▶ [Task objective]: Would you output the entries below only from the line containing "V8 +SPARKLING ENERGY" through the line containing "岩手県の位置を示す3D日本地図", exactly as they stand and with both ends included?

[[ Dataset content open ]]

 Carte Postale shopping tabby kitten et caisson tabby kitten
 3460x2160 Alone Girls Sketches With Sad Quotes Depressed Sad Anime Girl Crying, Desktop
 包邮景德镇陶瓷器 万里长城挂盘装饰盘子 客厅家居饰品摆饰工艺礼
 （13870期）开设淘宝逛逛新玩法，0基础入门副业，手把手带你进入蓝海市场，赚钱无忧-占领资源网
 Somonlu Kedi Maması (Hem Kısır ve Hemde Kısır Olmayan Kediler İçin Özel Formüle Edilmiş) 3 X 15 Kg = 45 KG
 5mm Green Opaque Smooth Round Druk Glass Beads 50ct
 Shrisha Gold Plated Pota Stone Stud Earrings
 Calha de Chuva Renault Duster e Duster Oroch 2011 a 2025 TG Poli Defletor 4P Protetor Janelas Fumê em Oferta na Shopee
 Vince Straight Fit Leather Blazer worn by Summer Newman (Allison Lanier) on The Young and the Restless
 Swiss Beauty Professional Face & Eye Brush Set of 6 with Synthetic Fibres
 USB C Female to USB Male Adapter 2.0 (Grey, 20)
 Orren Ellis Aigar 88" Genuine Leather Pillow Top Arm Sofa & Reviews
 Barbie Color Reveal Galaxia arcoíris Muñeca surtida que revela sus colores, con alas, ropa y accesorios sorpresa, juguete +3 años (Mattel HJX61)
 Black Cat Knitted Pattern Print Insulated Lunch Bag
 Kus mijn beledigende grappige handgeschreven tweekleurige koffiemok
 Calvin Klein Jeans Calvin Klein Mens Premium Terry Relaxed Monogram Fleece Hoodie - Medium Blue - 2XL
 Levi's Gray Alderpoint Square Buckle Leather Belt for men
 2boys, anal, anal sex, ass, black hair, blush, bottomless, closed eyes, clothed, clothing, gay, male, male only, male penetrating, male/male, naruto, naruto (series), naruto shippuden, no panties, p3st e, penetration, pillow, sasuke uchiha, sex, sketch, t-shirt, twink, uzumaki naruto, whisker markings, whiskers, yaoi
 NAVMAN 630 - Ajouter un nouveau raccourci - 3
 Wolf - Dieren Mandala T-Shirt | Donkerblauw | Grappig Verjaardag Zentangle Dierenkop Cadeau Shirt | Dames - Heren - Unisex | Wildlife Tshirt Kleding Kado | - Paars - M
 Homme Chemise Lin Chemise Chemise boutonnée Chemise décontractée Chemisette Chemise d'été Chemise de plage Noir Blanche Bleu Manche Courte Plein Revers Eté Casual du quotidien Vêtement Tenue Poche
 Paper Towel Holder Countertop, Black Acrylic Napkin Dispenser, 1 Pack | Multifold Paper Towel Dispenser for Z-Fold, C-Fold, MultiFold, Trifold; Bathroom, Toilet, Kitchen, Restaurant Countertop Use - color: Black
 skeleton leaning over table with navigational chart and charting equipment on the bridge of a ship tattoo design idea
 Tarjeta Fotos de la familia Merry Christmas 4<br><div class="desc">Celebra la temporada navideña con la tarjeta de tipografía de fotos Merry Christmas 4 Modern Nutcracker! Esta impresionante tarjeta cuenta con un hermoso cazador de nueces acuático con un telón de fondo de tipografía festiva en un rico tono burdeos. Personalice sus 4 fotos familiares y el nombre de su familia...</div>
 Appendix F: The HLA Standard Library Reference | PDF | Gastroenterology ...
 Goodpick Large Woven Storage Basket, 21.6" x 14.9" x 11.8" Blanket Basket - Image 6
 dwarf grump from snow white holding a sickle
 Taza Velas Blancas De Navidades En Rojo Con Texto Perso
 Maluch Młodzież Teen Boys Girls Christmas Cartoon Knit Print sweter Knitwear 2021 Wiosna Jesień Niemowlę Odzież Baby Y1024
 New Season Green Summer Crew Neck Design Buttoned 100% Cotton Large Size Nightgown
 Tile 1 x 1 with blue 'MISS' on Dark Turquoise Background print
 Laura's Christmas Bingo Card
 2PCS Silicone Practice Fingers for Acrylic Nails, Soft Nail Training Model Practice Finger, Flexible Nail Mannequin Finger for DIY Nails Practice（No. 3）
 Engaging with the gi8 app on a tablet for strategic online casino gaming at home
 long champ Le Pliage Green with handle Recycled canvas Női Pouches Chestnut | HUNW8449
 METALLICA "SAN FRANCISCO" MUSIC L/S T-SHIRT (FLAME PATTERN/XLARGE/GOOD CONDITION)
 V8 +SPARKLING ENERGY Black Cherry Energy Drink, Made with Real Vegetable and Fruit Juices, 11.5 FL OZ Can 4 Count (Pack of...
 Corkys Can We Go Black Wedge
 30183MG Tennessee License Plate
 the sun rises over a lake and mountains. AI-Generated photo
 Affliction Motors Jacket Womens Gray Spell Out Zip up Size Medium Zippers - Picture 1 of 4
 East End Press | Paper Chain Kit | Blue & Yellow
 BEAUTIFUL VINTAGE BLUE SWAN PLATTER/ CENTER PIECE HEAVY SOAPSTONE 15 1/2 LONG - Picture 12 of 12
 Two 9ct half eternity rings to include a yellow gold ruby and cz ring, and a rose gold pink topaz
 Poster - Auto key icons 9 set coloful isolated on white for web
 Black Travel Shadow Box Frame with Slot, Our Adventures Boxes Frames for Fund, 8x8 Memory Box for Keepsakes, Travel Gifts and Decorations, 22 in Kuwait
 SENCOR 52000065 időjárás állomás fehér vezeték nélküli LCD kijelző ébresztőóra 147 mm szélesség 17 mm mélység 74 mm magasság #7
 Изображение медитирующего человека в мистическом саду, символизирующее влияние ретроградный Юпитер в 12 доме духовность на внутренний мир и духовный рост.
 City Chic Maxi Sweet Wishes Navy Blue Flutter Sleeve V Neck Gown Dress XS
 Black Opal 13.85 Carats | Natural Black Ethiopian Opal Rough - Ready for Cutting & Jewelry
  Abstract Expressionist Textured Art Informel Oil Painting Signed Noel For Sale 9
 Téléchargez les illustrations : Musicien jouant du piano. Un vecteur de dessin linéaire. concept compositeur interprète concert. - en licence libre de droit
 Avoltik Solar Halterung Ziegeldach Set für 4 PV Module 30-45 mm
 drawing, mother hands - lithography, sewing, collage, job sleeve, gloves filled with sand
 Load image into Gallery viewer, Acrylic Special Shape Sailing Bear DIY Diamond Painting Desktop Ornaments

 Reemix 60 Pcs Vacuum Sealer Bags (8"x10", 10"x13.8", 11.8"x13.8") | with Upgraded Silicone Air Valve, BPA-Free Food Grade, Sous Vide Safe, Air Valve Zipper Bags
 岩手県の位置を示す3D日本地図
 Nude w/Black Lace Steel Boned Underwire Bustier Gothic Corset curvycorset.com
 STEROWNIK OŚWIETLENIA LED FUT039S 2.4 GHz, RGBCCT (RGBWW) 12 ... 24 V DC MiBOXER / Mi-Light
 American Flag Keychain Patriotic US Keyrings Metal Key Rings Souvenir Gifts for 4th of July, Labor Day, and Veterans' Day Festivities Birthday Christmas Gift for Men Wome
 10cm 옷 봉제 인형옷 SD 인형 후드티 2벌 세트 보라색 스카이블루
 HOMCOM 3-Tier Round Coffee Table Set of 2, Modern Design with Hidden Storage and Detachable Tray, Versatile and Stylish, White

[[ Dataset content closed ]]

▶ [Task answer]:
 V8 +SPARKLING ENERGY Black Cherry Energy Drink, Made with Real Vegetable and Fruit Juices, 11.5 FL OZ Can 4 Count (Pack of...
 Corkys Can We Go Black Wedge
 30183MG Tennessee License Plate
 the sun rises over a lake and mountains. AI-Generated photo
 Affliction Motors Jacket Womens Gray Spell Out Zip up Size Medium Zippers - Picture 1 of 4
 East End Press | Paper Chain Kit | Blue & Yellow
 BEAUTIFUL VINTAGE BLUE SWAN PLATTER/ CENTER PIECE HEAVY SOAPSTONE 15 1/2 LONG - Picture 12 of 12
 Two 9ct half eternity rings to include a yellow gold ruby and cz ring, and a rose gold pink topaz
 Poster - Auto key icons 9 set coloful isolated on white for web
 Black Travel Shadow Box Frame with Slot, Our Adventures Boxes Frames for Fund, 8x8 Memory Box for Keepsakes, Travel Gifts and Decorations, 22 in Kuwait
 SENCOR 52000065 időjárás állomás fehér vezeték nélküli LCD kijelző ébresztőóra 147 mm szélesség 17 mm mélység 74 mm magasság #7
 Изображение медитирующего человека в мистическом саду, символизирующее влияние ретроградный Юпитер в 12 доме духовность на внутренний мир и духовный рост.
 City Chic Maxi Sweet Wishes Navy Blue Flutter Sleeve V Neck Gown Dress XS
 Black Opal 13.85 Carats | Natural Black Ethiopian Opal Rough - Ready for Cutting & Jewelry
  Abstract Expressionist Textured Art Informel Oil Painting Signed Noel For Sale 9
 Téléchargez les illustrations : Musicien jouant du piano. Un vecteur de dessin linéaire. concept compositeur interprète concert. - en licence libre de droit
 Avoltik Solar Halterung Ziegeldach Set für 4 PV Module 30-45 mm
 drawing, mother hands - lithography, sewing, collage, job sleeve, gloves filled with sand
 Load image into Gallery viewer, Acrylic Special Shape Sailing Bear DIY Diamond Painting Desktop Ornaments

 Reemix 60 Pcs Vacuum Sealer Bags (8"x10", 10"x13.8", 11.8"x13.8") | with Upgraded Silicone Air Valve, BPA-Free Food Grade, Sous Vide Safe, Air Valve Zipper Bags
 岩手県の位置を示す3D日本地図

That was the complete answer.